Memories of Carlo Luigi Mogano and Childhood
My grandfather, Carlo Luigi Mogano, born in 1880, was the illegitimate child of the Count of Petenengo and a kitchen maid. At 21 he was given a dowry and told to make his own way. The fact that he was given 2 Christian names was unusual and indicated he came from a good family. He made his way to London got married and moved to the Isle of Wight, where he was the Head Waiter of the Grand Hotel.
In WW1 he was called up for National Service in Italy, but he was declined as he was too small. He joined the British Army and was accepted, but I don't know anything other than he was in the Army in 1914. They had 4 children.
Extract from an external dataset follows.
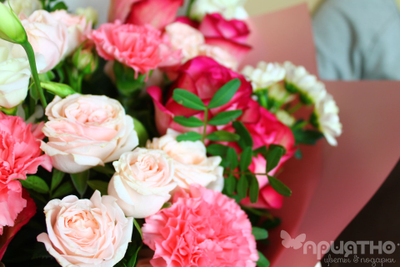 БУКЕТ ЦВЕТОВ № 455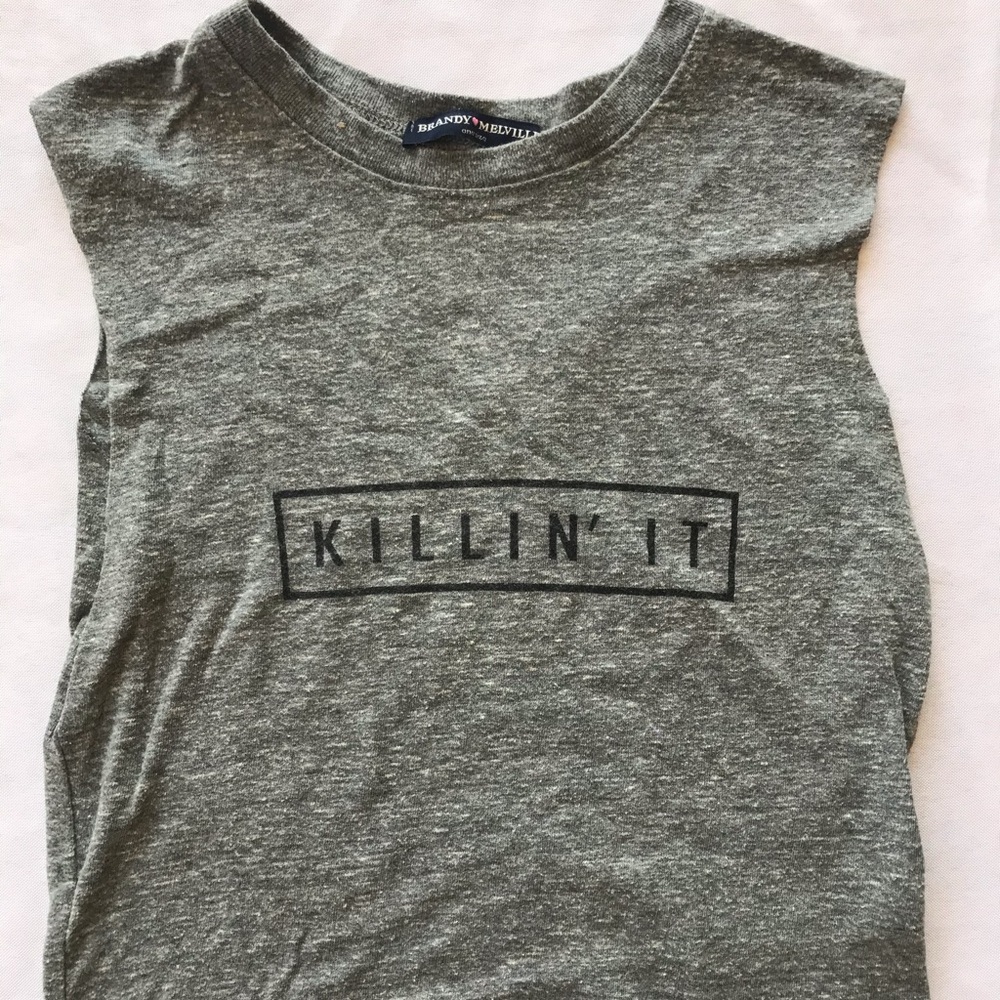 Brandy Melville croptop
At the start of WWII, he was considered an alien and wasn't allowed to live near the coast, so he moved to Coventry where my father was living. After the war, he went back to the Isle of Wight.
I was born in 1939 and was living in Coventry when it was blitzed in 1941, which I remember. We lived about half a mile from the GEC factory in Bromley Drive, Stoke, Coventry. We heard the planes coming over and we took shelter under a metal table. After the raid was over my parents went upstairs and found a paving slab in the middle of their bed, it had come through the roof.
This was the third house we had been bombed out of - Cheverel Avenue in Radford. Father was a foreman on the assembly line making the Ferret armoured car. Then we moved to Earlsdon, but I can't remember the street name other than that I just remember playing in bomb craters, etc
Coventry was a mess - the bombers were aiming for GEC and Daimler, where Dad worked.
I remember the food office in Coventry and getting bottles of orange juice. I was never hungry - bread and milk used to come around on a horse and cart, Savage's bread and Co-op milk. I went to a Kenilworth school that was run by nuns, I used to get the bus to Pool Meadow and get another bus from there. I don't remember Mother working outside the home; I had a brother 2 years older than me. Father did his apprenticeship in Ventnor and used to drive up to Coventry for work and liked Coventry, so moved there; at one time there were 200 car factories.
I remember the street parties at the end of the war - a melee of kids screaming, flags flying, tables everywhere. I don't ever remember seeing soldiers, but a couple of female relatives who used to visit from the Isle of Wight who were in the Navy.